Tod als Teil des Lebens
Als Kinder haben wir die Eltern immer gerne zur Totenwache begleitet. Es gab dort immer etwas Gutes zu essen und es herrschte eine feierliche Stimmung. Wenn ich heute – rund 30 Jahre später – davon erzähle, sind die meisten Leute davon befremdet, manche meinen, dass es eine Aufbahrung zu Hause nicht mehr geben dürfe, es sei nicht hygienisch und nicht mehr zeitgemäß. Ich persönlich finde das sehr schade, ich habe dieses Ritual als wichtige Form der Trauerverarbeitung erlebt. Und als meine Schwiegermutter vor wenigen Jahren verstorben ist –sie ist zu Hause gestorben und lag im Wohnzimmer aufgebahrt –, haben auch unsere Kinder die Möglichkeit genützt, von ihrer Großmama Abschied zu nehmen. Unsere Jüngste war damals neun Jahre alt und drückte ihrer Oma noch einen Stoffbären in die Hand. Ganz selbstverständlich und ohne Scheu.
Ich finde, dass wir in Österreich eine schöne und gute Sterbekultur haben bzw. hatten. Vieles ist in Vergessenheit geraten oder wird einfach nicht mehr praktiziert. Ich glaube aber, dass wir uns damit auch die Chance nehmen, in Ruhe von einem geliebten Menschen Abschied zu nehmen, um den letzten Weg seines irdischen Daseins mit ihm gehen zu können.

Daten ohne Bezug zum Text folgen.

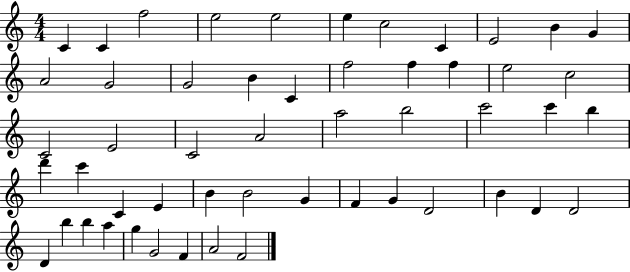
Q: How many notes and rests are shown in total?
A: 52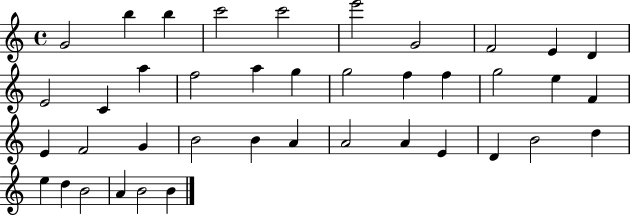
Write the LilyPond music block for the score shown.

{
  \clef treble
  \time 4/4
  \defaultTimeSignature
  \key c \major
  g'2 b''4 b''4 | c'''2 c'''2 | e'''2 g'2 | f'2 e'4 d'4 | \break e'2 c'4 a''4 | f''2 a''4 g''4 | g''2 f''4 f''4 | g''2 e''4 f'4 | \break e'4 f'2 g'4 | b'2 b'4 a'4 | a'2 a'4 e'4 | d'4 b'2 d''4 | \break e''4 d''4 b'2 | a'4 b'2 b'4 | \bar "|."
}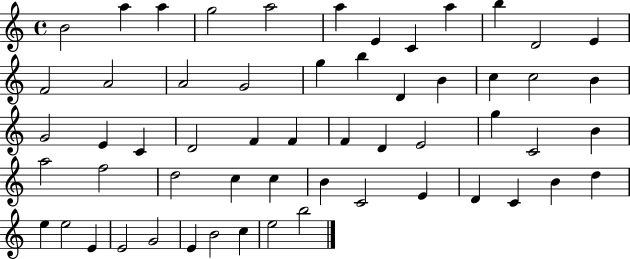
B4/h A5/q A5/q G5/h A5/h A5/q E4/q C4/q A5/q B5/q D4/h E4/q F4/h A4/h A4/h G4/h G5/q B5/q D4/q B4/q C5/q C5/h B4/q G4/h E4/q C4/q D4/h F4/q F4/q F4/q D4/q E4/h G5/q C4/h B4/q A5/h F5/h D5/h C5/q C5/q B4/q C4/h E4/q D4/q C4/q B4/q D5/q E5/q E5/h E4/q E4/h G4/h E4/q B4/h C5/q E5/h B5/h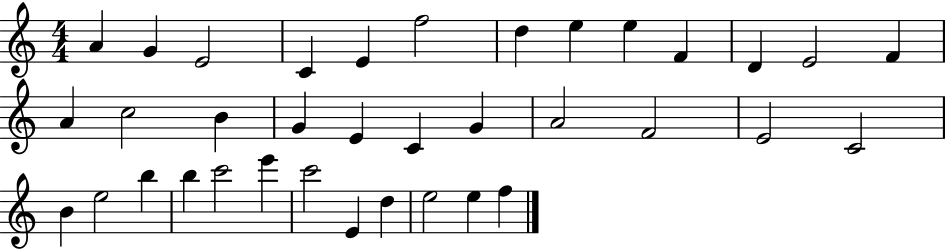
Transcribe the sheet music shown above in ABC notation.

X:1
T:Untitled
M:4/4
L:1/4
K:C
A G E2 C E f2 d e e F D E2 F A c2 B G E C G A2 F2 E2 C2 B e2 b b c'2 e' c'2 E d e2 e f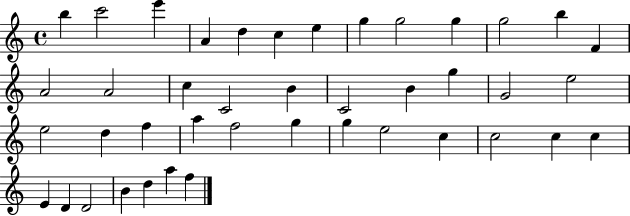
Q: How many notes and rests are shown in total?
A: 42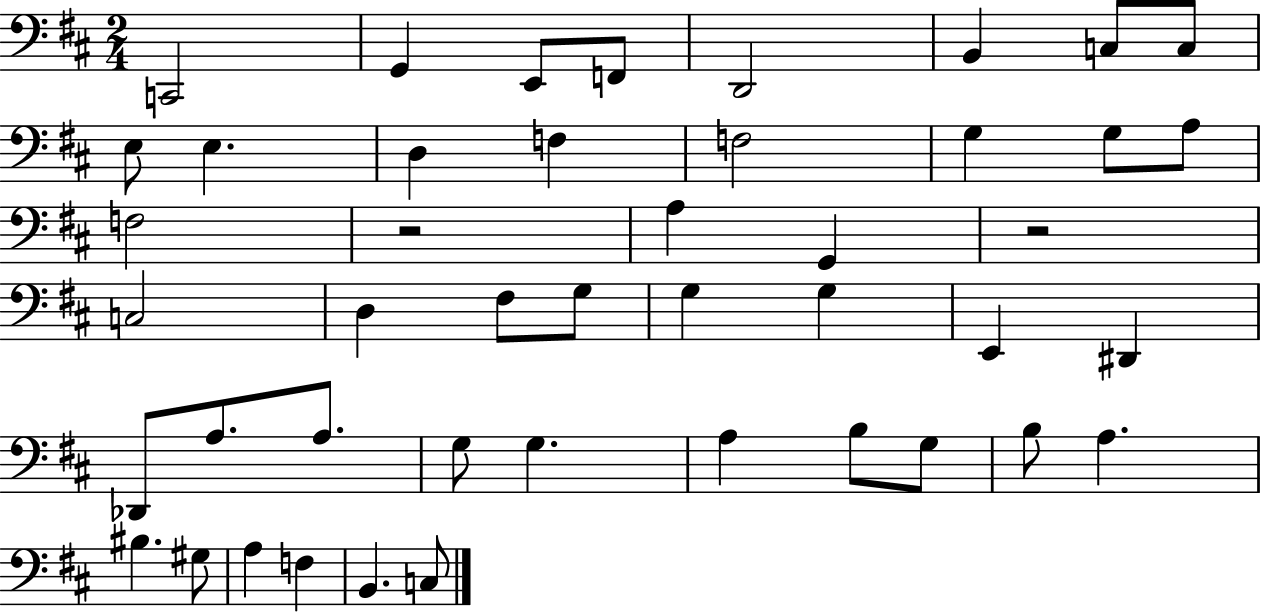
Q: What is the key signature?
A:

Gut organisiert, aber weit weg
Wie sich der Umgang mit dem Tod verändert hat


Die Handhabung des Abschieds war lange Zeit Sache der Familie in der (Dorf-)Gemeinschaft. Der Tod hat eine Abfolge von Ritualen in Gang gesetzt: Nahestehende Verwandte haben das Waschen und Ankleiden übernommen. Das Beten für den Toten hat im Trauerhaus stattgefunden, dabei kam das Leben des Verstorbenen noch einmal umfassend zur Sprache, Nachbarn versorgten die Trauerfamilie mit Essen. Alles zusammen wichtige Signale der sozialen Einbettung und der Versicherung, dass das Leben weitergeht.

Rechtzeitige Vorsorge
Mit der Verschiebung des Sterbens ins hohe Alter und der „Verkrankung des Sterbens“ – nahezu 70 Prozent aller Österreicher sterben heute im Krankenhaus oder im Pflegeheim – ist die letzte Sorge zur Angelegenheit von Bestattungsunternehmen geworden. Mit fachlicher Kompetenz nehmen sie alles Notwendige in die Hand, im besten Fall fehlt es dabei nicht an Sensibilität.
Wer sich im Vorfeld wenig Gedanken gemacht hat über Totenwache, Text für die Parte und die Gestaltung der Trauerfeier, hat kaum Zeit, aus der Schockstarre der ersten Trauer zu erwachen und eigene Wünsche bzw. die des Verstorbenen einzubringen. Seelsorger und Ärzte raten daher, rechtzeitig –schon „im Leben“ und bei vollem Bewusstsein – mit dem Partner oder nahen Angehörigen über die Wünsche für das Sterben und den Tod zu sprechen und diese auch schriftlich festzuhalten.
Manche Pfarren sind auf die heute vielfach herrschende Unsicherheit rund um die rituelle Gestaltung des Abschieds aufmerksam geworden und reagieren darauf. So bietet beispielsweise die Pfarre St. Marein im Lavanttal an, das Gebet für den Verstorbenen nicht in der Kirche, sondern im Trauerhaus mit Verwandten, Nachbarn und Freunden abzuhalten.

Hausaufbahrung heute

Im Regelfall hat eine Beerdigung in Österreich 48 bis 96 Stunden nach Eintritt des Todes zu erfolgen. Ob und wann eine Aufbahrung zu Hause möglich ist, ist im Leichen- und Bestattungswesengesetz der Bundesländer festgeschrieben. In den meisten Bundesländern braucht es die Zustimmung des Totenbeschauers (Amtsarztes) und/oder des Bürgermeisters. Sofern keine sanitären Bedenken vorliegen, wird sie meist bewilligt – mit leichten Abweichungen: in der Steiermark nur ausnahmsweise und „wenn dies dem örtlichen Brauchtum entspricht“, in Kärnten, wenn sie „ortsüblich“ ist, wohingegen sie in Salzburg nur bei sanitätspolizeilichen Bedenken versagt werden darf. Einzige Ausnahme bildet Wien. Hier darf eine Aufbahrung außerhalb der Leichenkammer einer Bestattungsanlage nur dann erfolgen, wenn die Aufbahrung „ehrenhalber“ von einer gesetzlich anerkannten Religions- oder Ordensgemeinschaft veranlasst wird. Das macht sich Andreas Kaiser, Pfarrer in Ober St. Veit, seit Jahren zunutze. Mitglieder seiner Pfarre dürfen ihre Verstorbenen für die Verabschiedung in der Kirche aufbahren. Für ihn ist jeder Christ seiner Gemeinde eine höhergestellte Persönlichkeit vor Gott.